We can bypass some of that with artificial UV, heat , foods available , etc. I suspect however, that since I raise mine outdoors it has much more impact. 

As to benefit , I don't know. Certainly there is no harm as long as they don't get dehydrated or too cold. Pyramiding should not be impacted at all.


----------



## Tom (Dec 5, 2017)

Pond_Lilly said:


> I posted the initial thread years ago (https://tortoiseforum.org/threads/winter-eating-slows-down.37558/) and once again I see the slow down in eating in my now 6 cherryheads. Interestingly, in 2011 I posted roughly at the same time, Dec. 9. My torts spend their day outside, but sleep inside, as I take them in.
> 
> We debated in 2011 what is going on, with various theories being proposed, i.e. daytime duration, temps, pressure, etc. I wonder if other cherryhead (or other torts) keepers in Florida (or elsewhere) see the same? I wonder also what happens with wild cherryheads in winter?
> 
> Another question is whether or not this slowdown is beneficial or not, maybe it slows growth/prevents pyramiding, maybe something else? In even broader sense, is it more beneficial to give torts "seasons", even when kept indoors, compared to keeping them in highly stable, highly controlled environment?
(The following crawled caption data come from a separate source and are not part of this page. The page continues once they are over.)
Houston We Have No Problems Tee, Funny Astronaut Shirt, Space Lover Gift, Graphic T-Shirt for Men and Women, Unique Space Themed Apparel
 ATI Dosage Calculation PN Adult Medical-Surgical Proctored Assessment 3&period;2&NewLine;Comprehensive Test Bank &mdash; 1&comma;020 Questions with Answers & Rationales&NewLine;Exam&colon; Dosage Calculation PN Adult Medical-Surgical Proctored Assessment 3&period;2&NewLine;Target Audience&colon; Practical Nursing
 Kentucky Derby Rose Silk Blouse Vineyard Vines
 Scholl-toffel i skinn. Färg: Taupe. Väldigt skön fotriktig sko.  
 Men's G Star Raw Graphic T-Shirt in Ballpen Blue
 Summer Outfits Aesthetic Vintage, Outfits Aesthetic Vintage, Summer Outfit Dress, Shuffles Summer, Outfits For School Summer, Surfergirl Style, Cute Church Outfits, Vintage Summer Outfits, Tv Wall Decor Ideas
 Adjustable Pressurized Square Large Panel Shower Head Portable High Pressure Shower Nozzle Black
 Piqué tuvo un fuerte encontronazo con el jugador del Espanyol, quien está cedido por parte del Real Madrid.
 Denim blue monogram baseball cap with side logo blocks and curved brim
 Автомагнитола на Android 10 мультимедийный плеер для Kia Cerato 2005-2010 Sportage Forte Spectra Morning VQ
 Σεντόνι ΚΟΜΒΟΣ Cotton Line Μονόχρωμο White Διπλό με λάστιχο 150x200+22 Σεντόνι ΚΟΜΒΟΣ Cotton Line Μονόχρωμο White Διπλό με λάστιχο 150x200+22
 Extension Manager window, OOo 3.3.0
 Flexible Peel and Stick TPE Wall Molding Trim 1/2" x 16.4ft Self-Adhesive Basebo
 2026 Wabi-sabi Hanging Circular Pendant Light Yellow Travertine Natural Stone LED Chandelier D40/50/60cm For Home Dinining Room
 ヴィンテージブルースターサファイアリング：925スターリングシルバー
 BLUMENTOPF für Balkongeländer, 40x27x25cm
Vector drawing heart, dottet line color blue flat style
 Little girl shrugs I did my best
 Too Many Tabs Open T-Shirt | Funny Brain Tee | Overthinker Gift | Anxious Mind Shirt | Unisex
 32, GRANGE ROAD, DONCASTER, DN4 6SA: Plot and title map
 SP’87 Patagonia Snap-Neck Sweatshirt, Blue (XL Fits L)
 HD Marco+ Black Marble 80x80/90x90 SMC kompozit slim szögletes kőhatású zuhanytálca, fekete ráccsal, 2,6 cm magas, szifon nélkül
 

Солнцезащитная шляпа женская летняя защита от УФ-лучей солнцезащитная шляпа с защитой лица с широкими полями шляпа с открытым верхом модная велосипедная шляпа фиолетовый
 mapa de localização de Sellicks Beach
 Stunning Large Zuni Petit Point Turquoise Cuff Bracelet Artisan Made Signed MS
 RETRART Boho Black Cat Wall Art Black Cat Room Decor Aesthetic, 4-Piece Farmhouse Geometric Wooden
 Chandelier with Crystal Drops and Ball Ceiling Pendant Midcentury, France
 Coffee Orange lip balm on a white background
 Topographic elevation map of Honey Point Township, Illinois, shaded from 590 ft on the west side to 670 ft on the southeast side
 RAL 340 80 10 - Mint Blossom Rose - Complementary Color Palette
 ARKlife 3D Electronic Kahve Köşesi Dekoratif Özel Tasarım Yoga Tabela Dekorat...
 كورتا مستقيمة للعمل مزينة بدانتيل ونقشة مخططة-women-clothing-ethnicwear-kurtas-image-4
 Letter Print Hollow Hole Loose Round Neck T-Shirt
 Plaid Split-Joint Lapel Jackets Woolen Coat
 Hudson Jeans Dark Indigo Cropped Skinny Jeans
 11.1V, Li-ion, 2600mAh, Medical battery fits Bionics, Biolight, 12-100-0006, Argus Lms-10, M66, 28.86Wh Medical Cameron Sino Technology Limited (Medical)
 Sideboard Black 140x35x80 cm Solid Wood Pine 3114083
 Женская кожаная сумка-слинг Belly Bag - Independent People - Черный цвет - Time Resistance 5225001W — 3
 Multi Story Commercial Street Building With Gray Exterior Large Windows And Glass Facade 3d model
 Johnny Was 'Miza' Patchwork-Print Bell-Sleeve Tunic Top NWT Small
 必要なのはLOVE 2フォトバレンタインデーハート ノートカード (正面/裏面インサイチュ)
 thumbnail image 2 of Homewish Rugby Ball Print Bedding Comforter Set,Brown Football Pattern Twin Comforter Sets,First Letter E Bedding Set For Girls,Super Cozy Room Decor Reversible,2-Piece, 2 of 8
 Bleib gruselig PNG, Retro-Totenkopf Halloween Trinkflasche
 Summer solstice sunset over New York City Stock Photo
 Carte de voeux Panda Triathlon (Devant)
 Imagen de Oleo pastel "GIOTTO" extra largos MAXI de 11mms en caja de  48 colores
What sort of weather and seasonal variation do cherry heads encounter in the wild? Being from the tropics, I'm guessing there isn't much variation.

By contrast, here in North America, we are not in the tropics and even Florida experiences a true temperate climate with winter days being much shorter than summer days, light values changing drastically from winter to summer, and vastly different temperatures from summer nights to winter nights.

This being the case, I do think there is benefit to giving "seasons" to temperate species like russians, CA desert tortoises, or greeks. I don't think there is benefit to giving large seasonal variations to sulcatas or cherry heads. These two species are very adaptable and can survive the unnatural seasonal variation in our climate with a little help and electricity from us, but this doesn't make it something desirable that we should try to do. In fact, I think the opposite is true. We should be trying to reduce seasonal light and temperature variations in tropical species.


----------



## Kaliman1962 (Dec 13, 2017)

my greek lives indoors, my lights stay on the same, but i think they sense its winter, she has slowed down on her eating, sleeping more


----------



## trickspiration (Dec 18, 2017)

Kaliman1962 said:


> my greek lives indoors, my lights stay on the same, but i think they sense its winter, she has slowed down on her eating, sleeping more



My greek has been acting the same way. He is housed indoors and the lights turn on at 8:30am via a timer. He usually doesn't want to wake up by himself, so we force him to wake up and place him under the heat lamp to warm up. Since december has started, he's been wanting to go straight back to bed after we pull him out of bed and his appetite has decreased (he still eats his food, but a lesser amount than usual).


----------